The past thirty years have witnessed a revolution in the science of addiction, yet we still rely on outdated methods of treatment. Expensive new programs for managing addiction are also flourishing, but since they are not based in science, they offer little benefit to people who cannot afford to lose money or faith in their recovery.
Clarifying the cutting-edge science of addiction for both practitioners and general readers, The Thirteenth Step pairs stories of real patients with explanations of key concepts relating to their illness. A police chief who disappears on the job illustrates the process through which a drug can trigger the brain circuits mediating relapse. One person's effort to find a burrito shack in a foreign city illuminates the reward prediction error signaled by the brain chemical dopamine. With these examples and more, this volume paints a vivid, readable portrait of drug seeking, escalation, and other aspects of addiction and suggests science-based treatments that promise to improve troubling relapse rates. Merging science and human experience, The Thirteenth Step offers compassionate, valuable answers to anyone who hopes for a better handle on a confounding disease.

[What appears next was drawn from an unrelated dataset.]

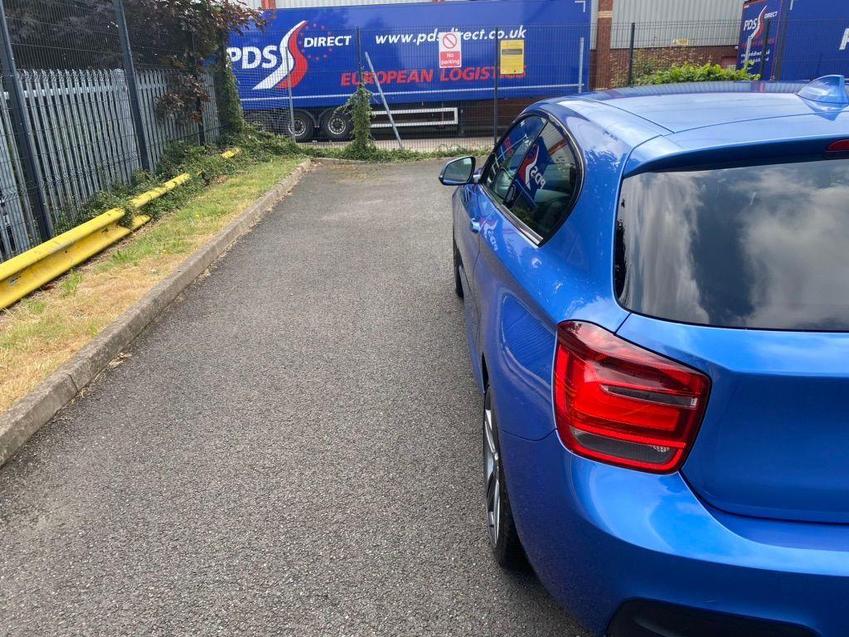 BMW 1 SERIES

Heilig makes the science of addiction accessible to both lay and professional audiences alike with an engaging conversational tone laced with humor and illustrative vignettes. He draws the reader in and effectively consolidates complex concepts. I applaud his efforts to bring the plight of the addicted to the attention of others and for his calling upon the field to do its very best to help.
Valerie J. Slaymaker, Hazelden Graduate School of Addiction Studies
It was a great pleasure to read this book. Without being openly critical of the usual talk therapy, Heilig outlines the newest treatments that should be offered to every patient suffering from addiction. He shows that treatments today can be based on recent scientific knowledge about what is happening in the brains of alcoholics and describes new treatments based on current knowledge about the disease. Heilig, a world-class expert, has done a tremendous service for patients and their families by writing this book.
Charles P. O'Brien, Department of Psychiatry, University of Pennsylvania
Markus Heilig sums up what he has learned during his twenty years as a physician and researcher in the treatment of alcohol and other addictive disorders.... An informative and compassionate chronicle.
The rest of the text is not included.